72 Hours To Design Your Concept

The first challenge of the 2017 Hackaday Prize closes on this coming Monday morning. You have about 72 hours hours to submit your entry.

The challenge, called Design Your Concept, is really about a plan. Seeing a project through depends greatly on your ability to foresee where the pain points are. Will you get half way into your fabrication process and realize the PCB components won’t fit in the available space for your robot’s limbs? To be successful at this first round, show that you have a clear plan on all aspects of your design. It really is that easy. And you can start now and still get an entry together by Monday morning.

IuT ! IoT

The Hackaday Prize is about Building Something that Matters. That concept takes shape as we move into the second challenge round next week: IuT ! IoT.

This stands for “Internet of Useful Things, *not* Internet of Things”. We’ve proven that we can get connected devices into the hands of consumers that are useless, a privacy and security nightmare, and sometimes both. There are far fewer examples of really useful connected items that demonstrate a balance of privacy, security, and utility.

Sounds like fun, right? We think so, and there are several other payoffs to boot. The first is that we’re excited to see projects that address a social good. There is great power in technology, can you wield it in a way that benefits us all? Show us what you got and you may be one of 100 finalists awarded $1000. That pool of finalists — 20 from each of 5 challenge rounds — will go on to compete for the Hackaday Prize of $50,000 and four other top cash prizes of $20,000 to $5,000.

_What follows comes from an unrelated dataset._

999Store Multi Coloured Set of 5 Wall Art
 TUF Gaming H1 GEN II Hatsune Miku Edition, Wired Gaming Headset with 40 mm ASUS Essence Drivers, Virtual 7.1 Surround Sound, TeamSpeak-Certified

11 thoughts on “72 Hours To Design Your Concept

  1. Once again, I’m suffering from Hackaday Prize Fatigue (HaDPF) syndrome :-(
    But IMO it’s better this year compared with previous IMO. It feels like there are more posts in-between the HaD Prize flood stuff. A good sign :-)

      1. Hi Andrew, I get your point. But I though this HaD Prize thing should be about really something “new” and “significant”. And to be fair, it has been in the past. But this round seems to have a some “simple” stuff in the running. Maybe I’ll give it a try as a minimalist and post a HaD Prize project that’s just a voltage divider ;-)

    1. I have the inverse problem. It should be an all-year project thing. Here it feels like they waited far too long, and it’s too rushed. Enter a concept now, and we’ll judge the final result in a few weeks! That means you’ll get one of two kinds of projects: either the nice projects that were almost complete, or trivial stuff. I’m working on something (not intended for the contest but it would be a great entry IMO), but there’s just no way something relatively complex can be done in a few weeks like that… If the overall theme stays the same next year then I should be able to enter then.

      1. On the prize page there is a list of the ‘bootstrap’ prizes and it’s $1 per like! All the projects that have been paraded in the features are of course sat at the top.